One of the most recent mobile technological wonders (Shaikh and Karjaluoto, 2015) and one of the most recent financial services sector innovations which has added a pure mobility element to service consumption (Mishra and Bisht, 2013; Oliveira et al., 2014) that in return enabled customers to have a convenient access to different value-added banking services is mobile banking (MB) or m-banking (Anderson, 2010). M-banking is defined as “a feed where the consumer communicates with a bank using a mobile device, such as a mobile phone or personal digital assistant. In that sense, it can be seen as a subset of electronic banking and an extension of internet banking with its own unique characteristics (Laukkanen & Pasanen, 2008). It is one of the newest approaches to the concern of financial services through information computer technology (ICT), made possible by the extensive adoption of mobile phones even in low income countries (Anderson, 2010).
In May 2012, Laxmi Bank Limited launched the very first mobile banking in Nepal with its product Mobile Khata. Mobile Khata currently runs on a third-party platform called Hello Paisa that is interoperable with all the telecoms in Nepal viz. Nepal Telecom, NCell, Smart Tel and UTL, and is also interoperable with various banks in the country. The initial joining members to the platform after Laxmi Bank Limited were Siddartha Bank, Bank of Kathmandu, Commerz and Trust Bank Nepal and International Leasing and Finance Company. In country with roughly 30 million population, over 5 million have subscribed to mobile banking in Nepal as per the recent data from Nepal Rastra Bank, the central bank of Nepal.
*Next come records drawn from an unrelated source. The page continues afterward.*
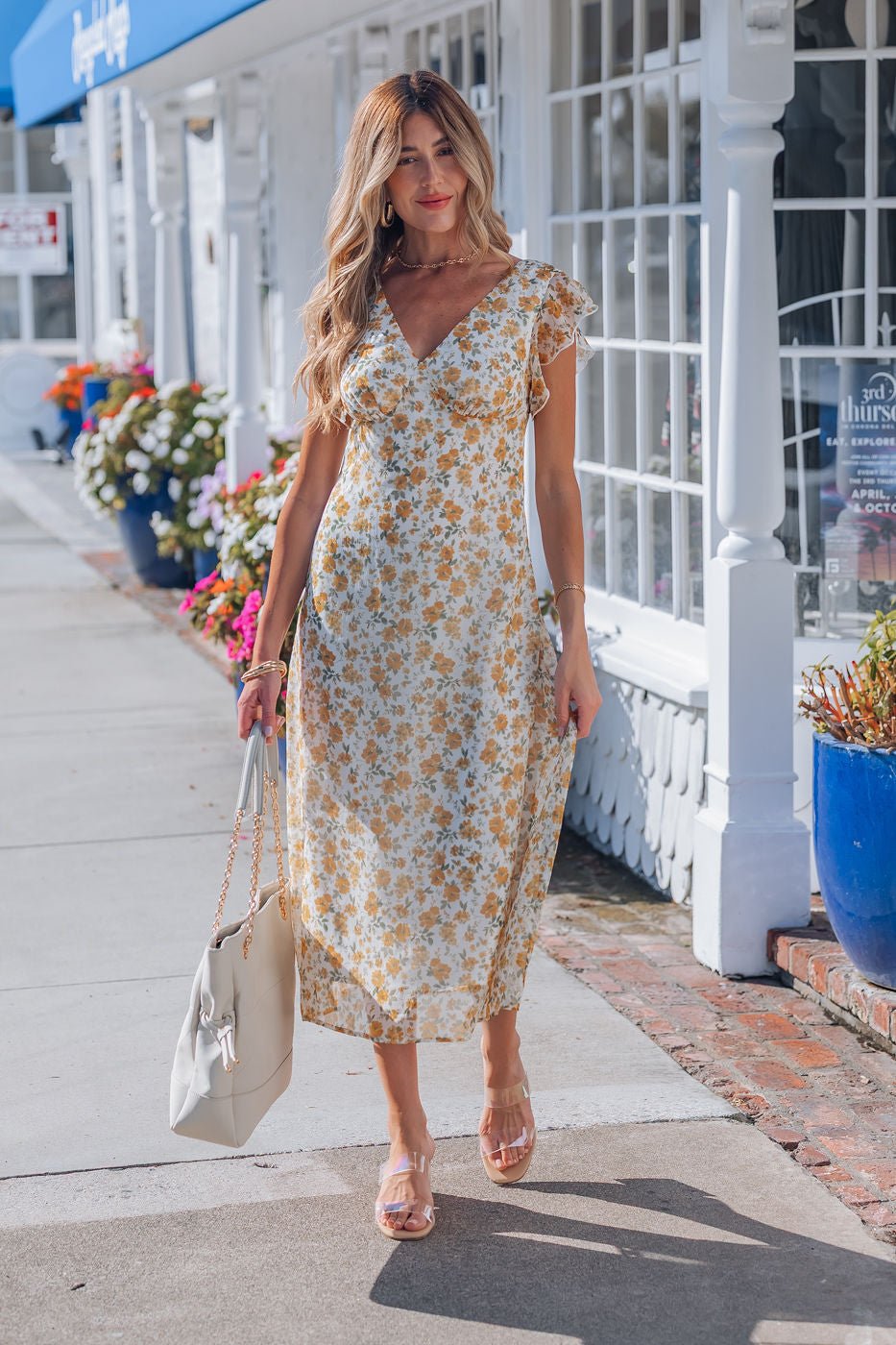 A woman in an Ivory Floral Chiffon Midi Dress walks along a sidewalk with a cream handbag, flowers and shops behind her.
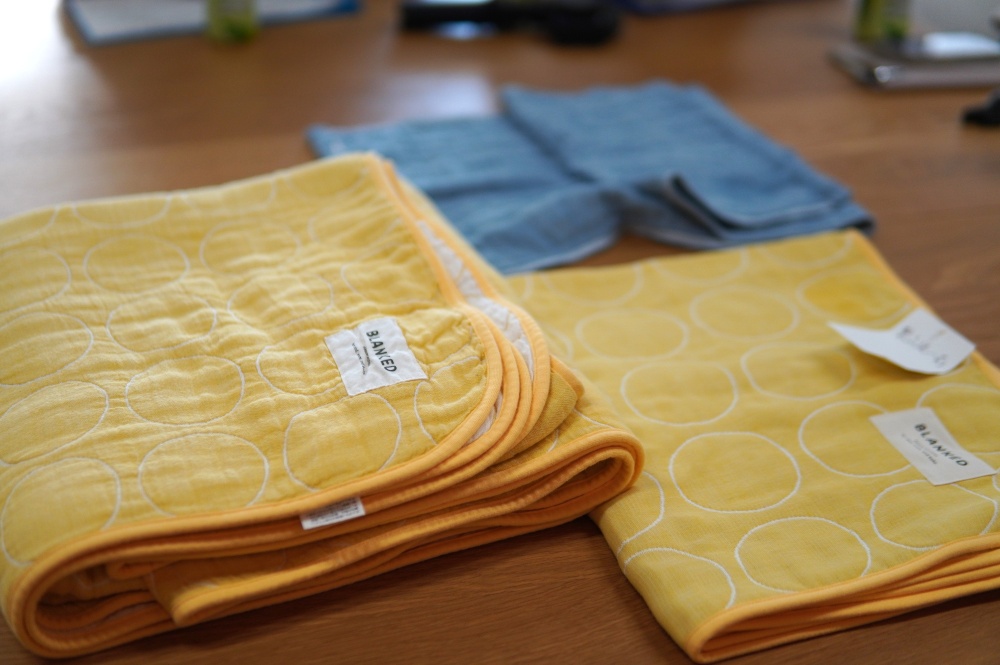 主力製品のひとつであるオリジナルブランド「BLANKED（ブランケット）」には、ナカモリさんのこだわりが凝縮されています。ブランド名があえて「BLANKED」と過去形になっているのには理由があります。それは「子供の時から使っていて、大人になっても『あれ良かったな』と思い出してもらえるような愛着の対象になってほしい」という願いと、「最初から使い込んでエイジングされたような風合い」を表現しているためです。この独特の風合いと高い吸水性を生み出す秘密は、こだわりの「洗い」の工程にあります。通常の仕上げで使われる水を弾きやすい柔軟剤を使わず、たっぷりの水と優しい酵素を使って時間をかけて洗い上げることで、購入した最初からふんわりと肌に馴染む柔らかさと、驚くほどの吸水性が引き出されています。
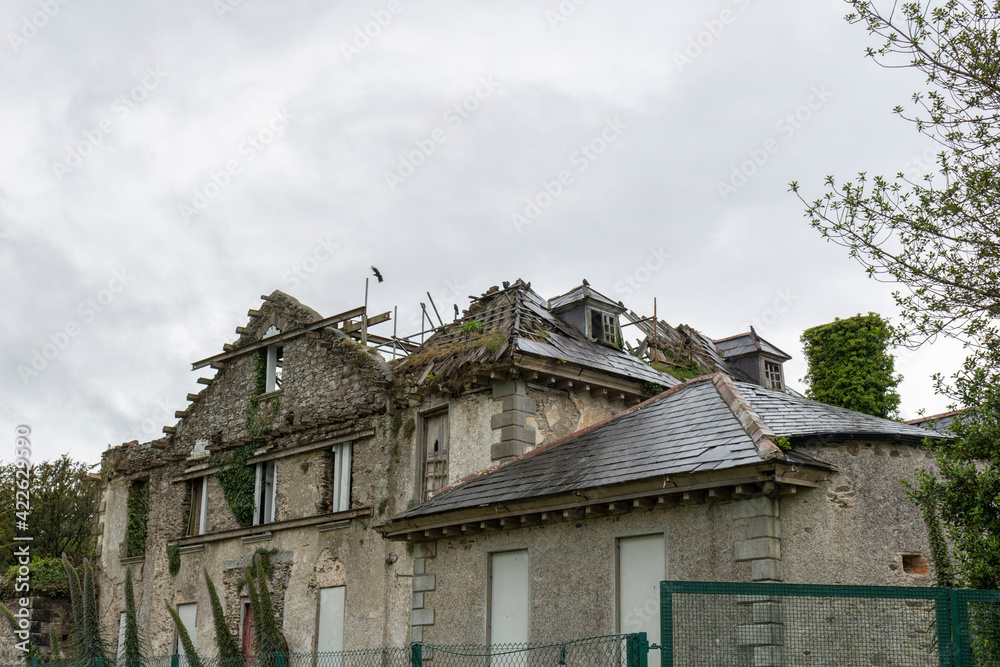 Facade and roof of a destroyed house. 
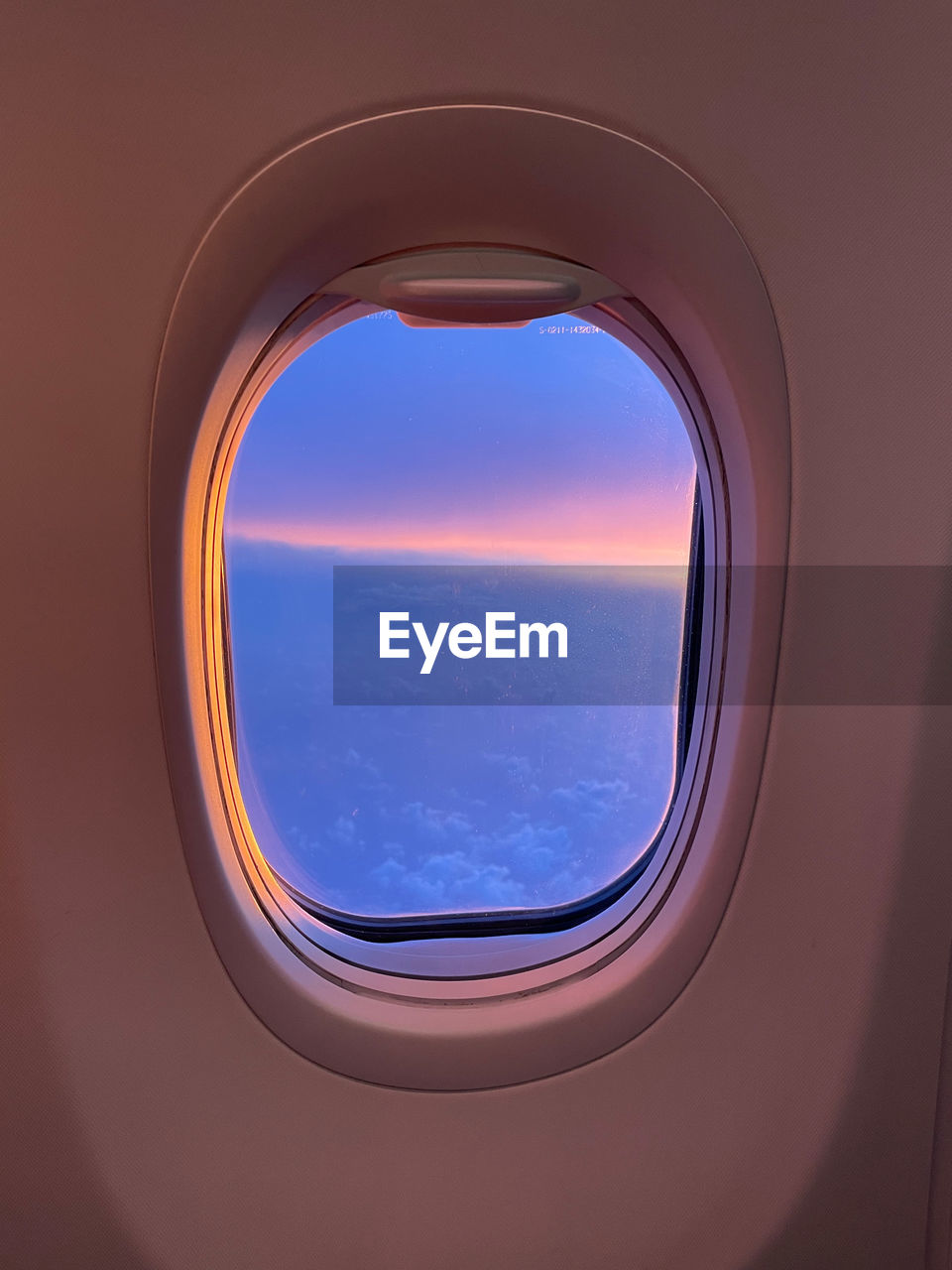 Directly below shot of sky seen through airplane window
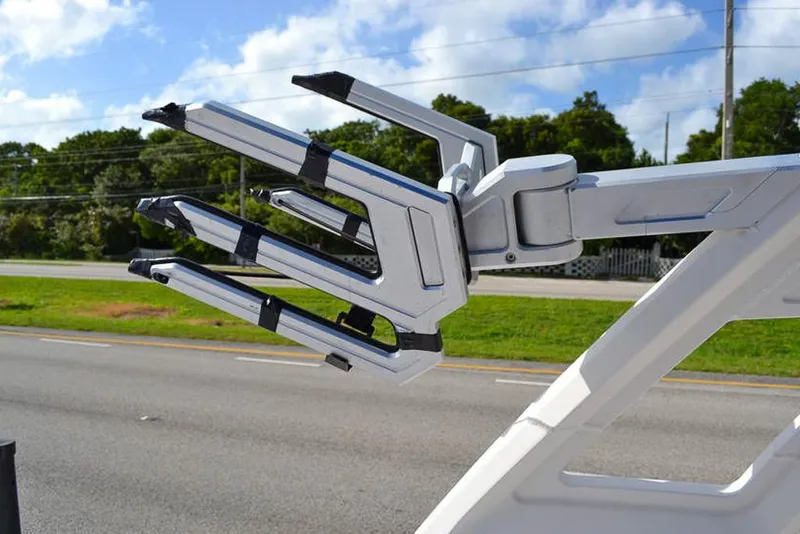 Slide: The Image of Chaparral 23 Surf 2021 wakeboard rack against a clear sky background. - 28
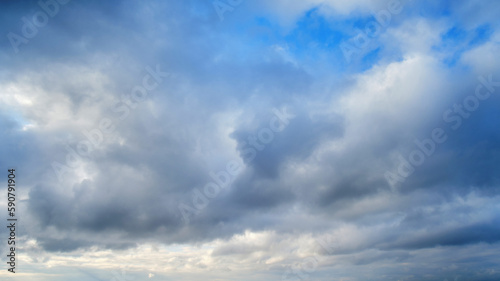 Fototapeta Naklejka Na Ścianę i Meble -  Dramatic sky with dark cumulus clouds. Menacing heavy clouds in the blue sky
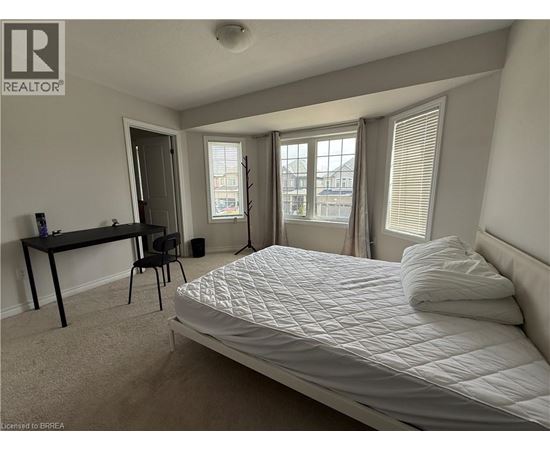 A bedroom with a large bed, a desk, and a chair.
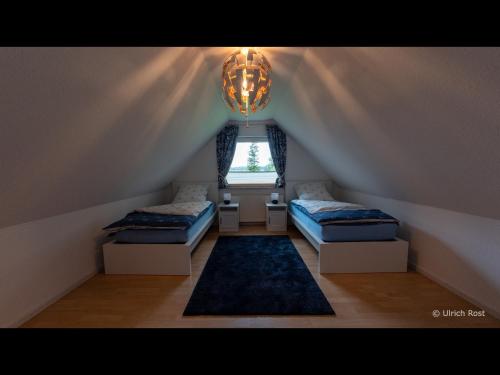 a attic room with two beds and a window at NEU! Ferienhaus am grünen Kamp in Bockhorn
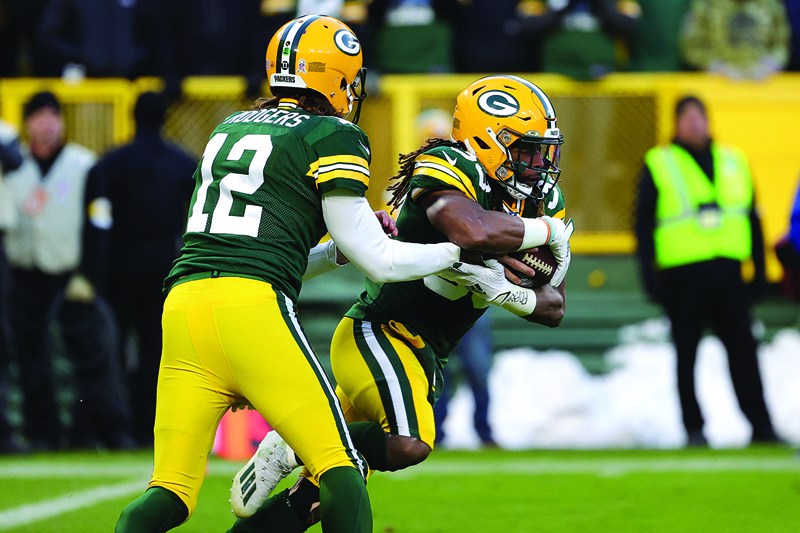 GREEN BAY: Aaron Rodgers #12 of the Green Bay Packers hands the ball off to Aaron Jones #33 during the first quarter at Lambeau Field on Sunday in Green Bay, Wisconsin. - AFPn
Barclays offers a service called Barclays Pingit, and Hello Money offering services in Africa, allowing transfer of money from the United Kingdom to many parts of the world with a mobile phone. Pingit is owned by a consortium of banks. In April 2014, the UK Payments Council launched the Paym mobile payment system, allowing mobile payments between customers of several banks and building societies using the recipient's mobile phone number. in past some US research proved that in the United States, people focusing in on adaptable banking (m-banking), this work contemplates responses from three undeniable buyer parcels, including – 1) customers living in Egypt, 2) purchasers from Egypt who are living in the U.S. in addition, 3) U.S. customers. The conceptual model was developed by the technology acceptance model (TAM), task-technology fit model (TTF), theory of planned behavior model (TPB), the diffusion of innovation model (DOI).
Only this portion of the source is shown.